2. Whether Appellant is Constitutionally applicable to use the
PCRA as an avenue to p[u]rsue an Actual Innocence Claim, even
if he did not meet any of the three statutory exceptions and if he
was unable to, is the PCRA’s Jurisdictional time frame
unconstitutional and not in accord with the United States
Supreme Court[’]s rulings.
Appellant’s Brief at 5.
This Court’s standard of review regarding an order dismissing a
petition under the PCRA is “to determine whether the determination of the
PCRA court is supported by the evidence of record and is free of legal error.

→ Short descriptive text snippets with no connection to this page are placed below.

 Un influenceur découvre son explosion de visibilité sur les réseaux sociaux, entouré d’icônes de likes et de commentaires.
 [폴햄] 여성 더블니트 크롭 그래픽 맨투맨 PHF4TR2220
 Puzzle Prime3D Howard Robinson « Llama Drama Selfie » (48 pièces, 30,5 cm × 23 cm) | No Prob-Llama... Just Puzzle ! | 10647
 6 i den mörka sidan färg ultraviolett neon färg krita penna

The PCRA court’s findings will not be disturbed unless there is no support for
the findings in the certified record.” Commonwealth v. Barndt, 74 A.3d
185, 191-92 (Pa. Super. 2013) (citations and internal quotation marks
omitted).
Appellant argues that the PCRA court erred in holding that it lacked
jurisdiction over his second PCRA petition. In his brief, Appellant contends
that because he is raising an “actual innocence” claim, the PCRA’s time bar
does not apply. Appellant relies on McQuiggin v. Perkins, 133 S. Ct.

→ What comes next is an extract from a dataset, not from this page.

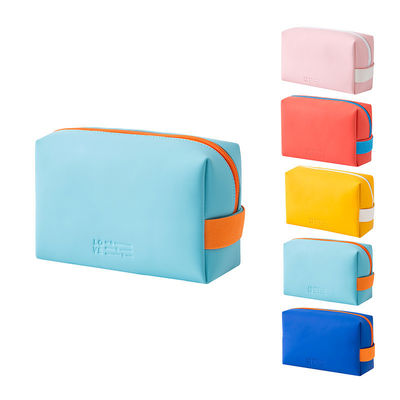 Kosmetische Taschen aus Leder mit bunter Süßfarbe und Reißverschluss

1924, 1928 (2013), in which the U.S. Supreme Court held that “actual
innocence, if proved, serves as a gateway through which a petitioner may
pass” despite the expiration of the statute of limitations for filing a federal
habeas corpus petition.
The timeliness of a PCRA petition is jurisdictional. Commonwealth v.
Hernandez, 79 A.3d 649, 651 (Pa. Super. 2013). Generally, a petition for
-5-
J-S63021-17
relief under the PCRA, including a second or subsequent petition, must be
filed within one year of the date the judgment is final, unless the petition
alleges and the petitioner proves one of the three exceptions to the time
limitations for filing the petition that are set forth in Section 9545(b) of the
statute. See 42 Pa. C.S. § 9545(b). “[E]xceptions to the time bar must be
pled in the PCRA petition, and may not be raised for the first time on
appeal.” Commonwealth v. Burton, 936 A.2d 521, 525 (Pa. Super.
2007), appeal denied, 959 A.2d 927 (Pa. 2008). The three statutory
exceptions to the timeliness requirement are:
(i) the failure to raise the claim previously was the result of
interference of government officials with the presentation of the
claim in violation of the Constitution or laws of this
Commonwealth or the Constitution or laws of the United States.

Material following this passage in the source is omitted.